Exercise: Repeat only the stretch of lines below that runs from the line with "My skin has" through the line with "We start with", unaltered.
Top of Records supplied
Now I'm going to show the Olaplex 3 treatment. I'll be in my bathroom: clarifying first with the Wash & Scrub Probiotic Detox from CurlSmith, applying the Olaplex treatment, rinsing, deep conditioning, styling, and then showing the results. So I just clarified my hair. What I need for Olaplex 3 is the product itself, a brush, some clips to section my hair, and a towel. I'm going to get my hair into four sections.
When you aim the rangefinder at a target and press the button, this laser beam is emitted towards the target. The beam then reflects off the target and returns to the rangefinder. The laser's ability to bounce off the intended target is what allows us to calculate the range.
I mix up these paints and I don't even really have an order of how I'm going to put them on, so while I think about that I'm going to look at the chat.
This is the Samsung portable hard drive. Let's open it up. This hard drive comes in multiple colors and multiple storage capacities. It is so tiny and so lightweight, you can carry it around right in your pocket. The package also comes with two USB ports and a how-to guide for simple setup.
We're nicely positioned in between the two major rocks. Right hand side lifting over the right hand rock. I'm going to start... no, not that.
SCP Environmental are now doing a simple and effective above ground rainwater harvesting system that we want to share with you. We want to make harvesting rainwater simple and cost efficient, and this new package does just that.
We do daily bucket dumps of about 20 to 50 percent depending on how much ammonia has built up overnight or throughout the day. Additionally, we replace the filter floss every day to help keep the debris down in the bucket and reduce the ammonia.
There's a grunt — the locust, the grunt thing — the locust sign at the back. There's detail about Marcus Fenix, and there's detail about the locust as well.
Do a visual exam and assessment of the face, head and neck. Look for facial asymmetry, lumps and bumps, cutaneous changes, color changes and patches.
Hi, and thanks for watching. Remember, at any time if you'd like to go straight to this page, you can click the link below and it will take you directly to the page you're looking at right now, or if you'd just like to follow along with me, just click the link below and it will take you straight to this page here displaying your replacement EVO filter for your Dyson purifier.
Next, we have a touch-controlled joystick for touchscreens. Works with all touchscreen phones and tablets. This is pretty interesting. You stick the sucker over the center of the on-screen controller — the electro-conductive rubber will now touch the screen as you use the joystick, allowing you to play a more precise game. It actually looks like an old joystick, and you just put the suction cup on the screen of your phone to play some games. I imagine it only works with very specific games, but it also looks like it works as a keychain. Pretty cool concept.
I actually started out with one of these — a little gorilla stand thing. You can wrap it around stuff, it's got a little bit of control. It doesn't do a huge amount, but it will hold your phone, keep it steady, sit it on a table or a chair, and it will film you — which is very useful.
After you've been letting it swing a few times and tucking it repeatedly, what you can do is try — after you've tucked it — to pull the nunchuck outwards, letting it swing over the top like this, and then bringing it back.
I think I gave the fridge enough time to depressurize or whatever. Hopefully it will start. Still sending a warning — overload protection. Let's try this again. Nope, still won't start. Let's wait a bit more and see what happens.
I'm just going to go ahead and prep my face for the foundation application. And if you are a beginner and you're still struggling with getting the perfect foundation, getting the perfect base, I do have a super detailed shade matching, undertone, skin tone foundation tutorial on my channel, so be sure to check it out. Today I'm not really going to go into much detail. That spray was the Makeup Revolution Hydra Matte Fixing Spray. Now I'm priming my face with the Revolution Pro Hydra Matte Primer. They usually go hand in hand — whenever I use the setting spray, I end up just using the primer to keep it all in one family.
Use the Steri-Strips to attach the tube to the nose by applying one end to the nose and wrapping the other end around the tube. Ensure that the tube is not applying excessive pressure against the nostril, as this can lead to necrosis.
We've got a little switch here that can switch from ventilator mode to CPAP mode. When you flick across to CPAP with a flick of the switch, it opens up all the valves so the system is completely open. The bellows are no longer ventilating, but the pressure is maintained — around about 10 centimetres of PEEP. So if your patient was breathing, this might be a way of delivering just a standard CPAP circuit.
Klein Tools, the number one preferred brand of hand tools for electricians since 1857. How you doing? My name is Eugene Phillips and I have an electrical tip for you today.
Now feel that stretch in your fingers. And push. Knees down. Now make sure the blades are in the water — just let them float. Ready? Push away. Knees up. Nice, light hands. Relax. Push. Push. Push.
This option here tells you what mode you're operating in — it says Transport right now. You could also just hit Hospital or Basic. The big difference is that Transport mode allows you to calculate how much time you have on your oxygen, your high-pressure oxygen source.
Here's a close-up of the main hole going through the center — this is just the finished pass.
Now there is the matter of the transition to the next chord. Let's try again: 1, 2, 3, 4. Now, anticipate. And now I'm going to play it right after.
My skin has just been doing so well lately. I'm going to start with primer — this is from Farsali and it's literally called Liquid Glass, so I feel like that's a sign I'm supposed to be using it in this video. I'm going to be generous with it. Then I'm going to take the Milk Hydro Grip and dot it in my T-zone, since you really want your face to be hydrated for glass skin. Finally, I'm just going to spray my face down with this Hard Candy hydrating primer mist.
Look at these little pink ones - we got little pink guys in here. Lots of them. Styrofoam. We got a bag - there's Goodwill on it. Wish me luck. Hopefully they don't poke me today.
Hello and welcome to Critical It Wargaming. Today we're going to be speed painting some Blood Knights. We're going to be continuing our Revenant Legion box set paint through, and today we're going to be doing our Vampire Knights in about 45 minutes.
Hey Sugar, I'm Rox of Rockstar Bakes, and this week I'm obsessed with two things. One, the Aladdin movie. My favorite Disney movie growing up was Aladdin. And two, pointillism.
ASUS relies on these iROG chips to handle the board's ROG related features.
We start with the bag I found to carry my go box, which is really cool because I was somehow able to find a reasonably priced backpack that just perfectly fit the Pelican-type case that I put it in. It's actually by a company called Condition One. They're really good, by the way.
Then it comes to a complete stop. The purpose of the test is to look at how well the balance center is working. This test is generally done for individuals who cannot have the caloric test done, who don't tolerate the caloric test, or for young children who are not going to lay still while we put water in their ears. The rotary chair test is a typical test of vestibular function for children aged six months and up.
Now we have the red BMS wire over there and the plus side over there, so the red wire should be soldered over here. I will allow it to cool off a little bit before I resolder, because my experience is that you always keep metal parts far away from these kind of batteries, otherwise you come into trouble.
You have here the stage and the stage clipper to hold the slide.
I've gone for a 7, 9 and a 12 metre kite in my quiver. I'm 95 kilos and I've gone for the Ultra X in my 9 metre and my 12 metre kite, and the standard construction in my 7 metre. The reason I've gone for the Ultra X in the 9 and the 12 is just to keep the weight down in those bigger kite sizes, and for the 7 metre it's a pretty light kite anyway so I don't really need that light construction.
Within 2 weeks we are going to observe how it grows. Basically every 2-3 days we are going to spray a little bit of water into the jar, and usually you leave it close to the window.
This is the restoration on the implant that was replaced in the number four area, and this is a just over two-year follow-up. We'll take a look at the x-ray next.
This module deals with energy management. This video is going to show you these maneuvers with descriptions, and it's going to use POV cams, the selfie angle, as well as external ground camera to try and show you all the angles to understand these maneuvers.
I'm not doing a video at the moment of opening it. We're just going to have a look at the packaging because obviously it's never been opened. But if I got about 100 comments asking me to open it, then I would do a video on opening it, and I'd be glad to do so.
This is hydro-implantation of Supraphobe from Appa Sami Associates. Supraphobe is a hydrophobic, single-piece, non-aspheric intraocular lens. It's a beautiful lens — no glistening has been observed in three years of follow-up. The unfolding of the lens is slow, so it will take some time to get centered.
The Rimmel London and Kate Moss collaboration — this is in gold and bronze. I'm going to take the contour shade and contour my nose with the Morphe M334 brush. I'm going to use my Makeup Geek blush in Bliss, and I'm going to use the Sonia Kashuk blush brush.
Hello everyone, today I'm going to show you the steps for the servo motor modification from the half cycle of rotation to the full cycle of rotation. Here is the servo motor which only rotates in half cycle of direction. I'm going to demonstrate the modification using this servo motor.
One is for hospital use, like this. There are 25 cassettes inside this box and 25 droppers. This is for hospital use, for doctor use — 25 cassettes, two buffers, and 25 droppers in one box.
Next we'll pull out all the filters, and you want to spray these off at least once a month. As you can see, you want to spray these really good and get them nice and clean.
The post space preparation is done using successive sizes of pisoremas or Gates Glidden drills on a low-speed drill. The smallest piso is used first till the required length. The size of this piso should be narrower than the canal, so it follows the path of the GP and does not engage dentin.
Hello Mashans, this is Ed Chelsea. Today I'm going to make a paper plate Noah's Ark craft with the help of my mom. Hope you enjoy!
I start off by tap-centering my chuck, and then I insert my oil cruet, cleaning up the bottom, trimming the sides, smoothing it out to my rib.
Bottom of Records supplied
Answer space:
My skin has just been doing so well lately. I'm going to start with primer — this is from Farsali and it's literally called Liquid Glass, so I feel like that's a sign I'm supposed to be using it in this video. I'm going to be generous with it. Then I'm going to take the Milk Hydro Grip and dot it in my T-zone, since you really want your face to be hydrated for glass skin. Finally, I'm just going to spray my face down with this Hard Candy hydrating primer mist.
Look at these little pink ones - we got little pink guys in here. Lots of them. Styrofoam. We got a bag - there's Goodwill on it. Wish me luck. Hopefully they don't poke me today.
Hello and welcome to Critical It Wargaming. Today we're going to be speed painting some Blood Knights. We're going to be continuing our Revenant Legion box set paint through, and today we're going to be doing our Vampire Knights in about 45 minutes.
Hey Sugar, I'm Rox of Rockstar Bakes, and this week I'm obsessed with two things. One, the Aladdin movie. My favorite Disney movie growing up was Aladdin. And two, pointillism.
ASUS relies on these iROG chips to handle the board's ROG related features.
We start with the bag I found to carry my go box, which is really cool because I was somehow able to find a reasonably priced backpack that just perfectly fit the Pelican-type case that I put it in. It's actually by a company called Condition One. They're really good, by the way.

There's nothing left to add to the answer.